Service Lifecycle Management 101: Integrating with Management Processes

One of the questions certain to arise from discussions of service lifecycle management is how VNFs are managed.  The pat answer to this is “similar to the way that the physical network functions (PNFs) that the VNFs replace were managed.”  Actually, it’s not so pat a response, either.  It is very desirable that management practices already in place be altered by NFV or any new technology only when the alternation is a significant net benefit.  Let’s then start with the management of the PNFs.

PNFs, meaning devices or systems of devices, are represented in the service model by a low-level (meaning close-to-resource) intent model.  That model exposes a set of parameters, some of which might relate to an SLA and others simply to the state of the operation the model represents.  The general rule of model hierarchies is that these parameters are populated from data exposed by the stuff within/below.  In the case of our hypothetical PNF-related intent model, the stuff below is the device or device system and the set of management parameters it offers, presumably in a MIB.

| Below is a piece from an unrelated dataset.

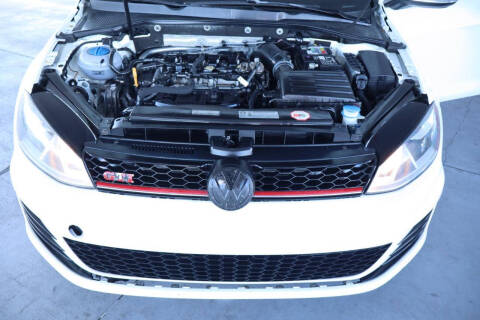 2017 Volkswagen Golf GTI S
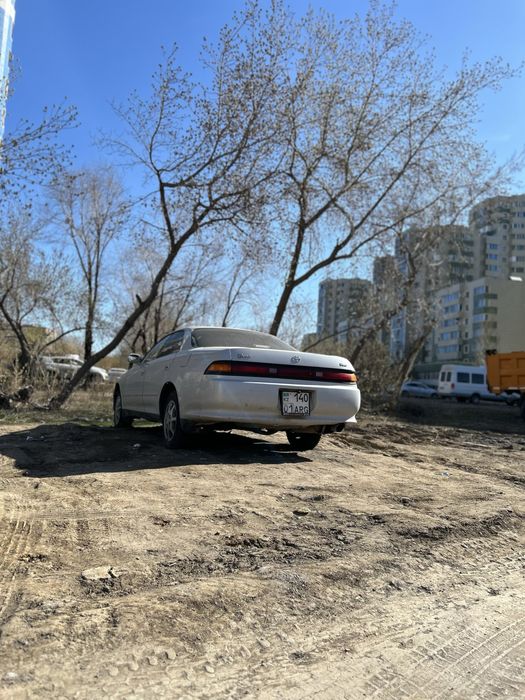 Toyota Mark || 1994г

Every intent-model element or object in the service model instance has a parameter set, and each can expose an interface through which that parameter set can be viewed or changed.  This mechanism would allow a service management process to alter the behavior of the PNF that was embedded in the object we’re using to represent it.  Presumably the PNF’s own MIB is still accessible as it would normally be, though, and this raises the risk of collision of activities.

One way to prevent PNF management from colliding with service management is to presume that the PNF isn’t “managed” in an active sense by the service management processes.  That would mean that the PNF asserts an SLA and either meets it or has failed.  The PNF management system, running underneath and hidden from service management, does what’s required to keep things working according to the SLA and to restore operation if the PNF does break.

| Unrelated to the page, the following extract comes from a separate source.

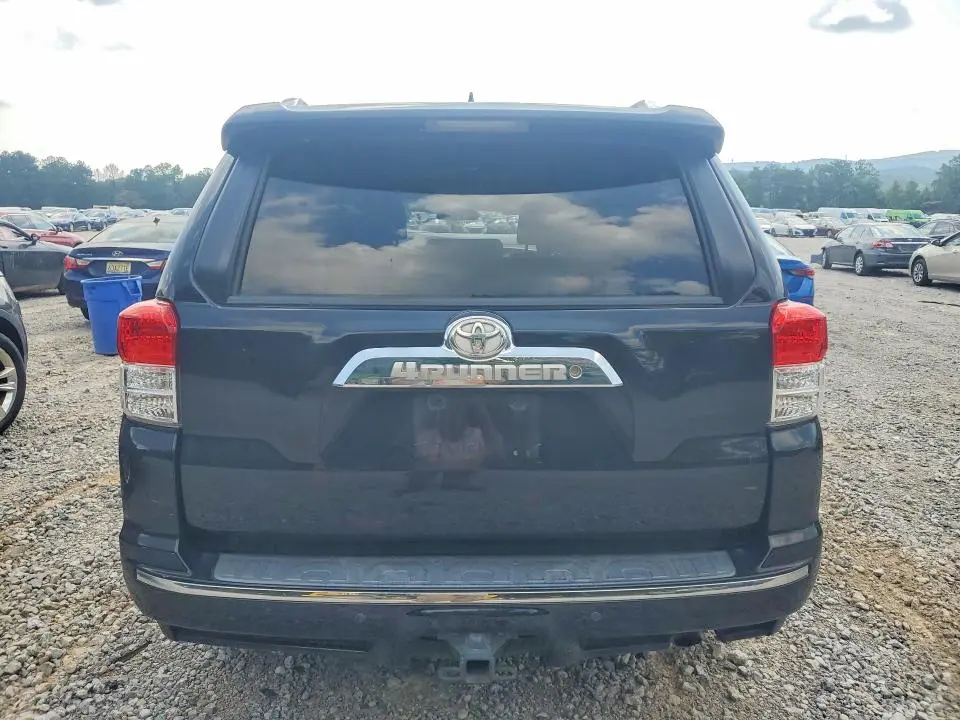 2012 TOYOTA 4RUNNER SR5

This isn’t a bad approach; you could call it “probabilistic management” because service management doesn’t explicitly restore operation at the level we’re talking about.  Instead, there is a capacity-planned SLA and invisible under-the-model remediation.  For a growing number of services, it’s the most efficient way to assure operation.

If you don’t want to do stuff under the covers, so to speak, then you have to actively mediate the management requests to ensure that you don’t have destructive collisions.  The easiest way to do that is to require that the PNF’s EMS/NMS work not with the actual interfaces but through the same intent-model as the service management system.  That model would then have to serialize management changes as needed to insure stable operation.

The serializing could be done in two ways—directly via the intent model, or at the process level.  Process-level serialization means that the intent model asserts a management API (by referencing its process) and that API is a talker on a bus that the real management process listens to.  All the requests to that API are serialized.  The intent-model-level approach says that management requests are events, and that the management event is generated by whatever is trying to manage.  Events have to be queued in any event because they’re asynchronous, so this is an easier approach.  Event-based management also lets you change how you handle management commands based on the state of the object—you could ignore them if you’re in a state that indicates you’re waiting for something specific.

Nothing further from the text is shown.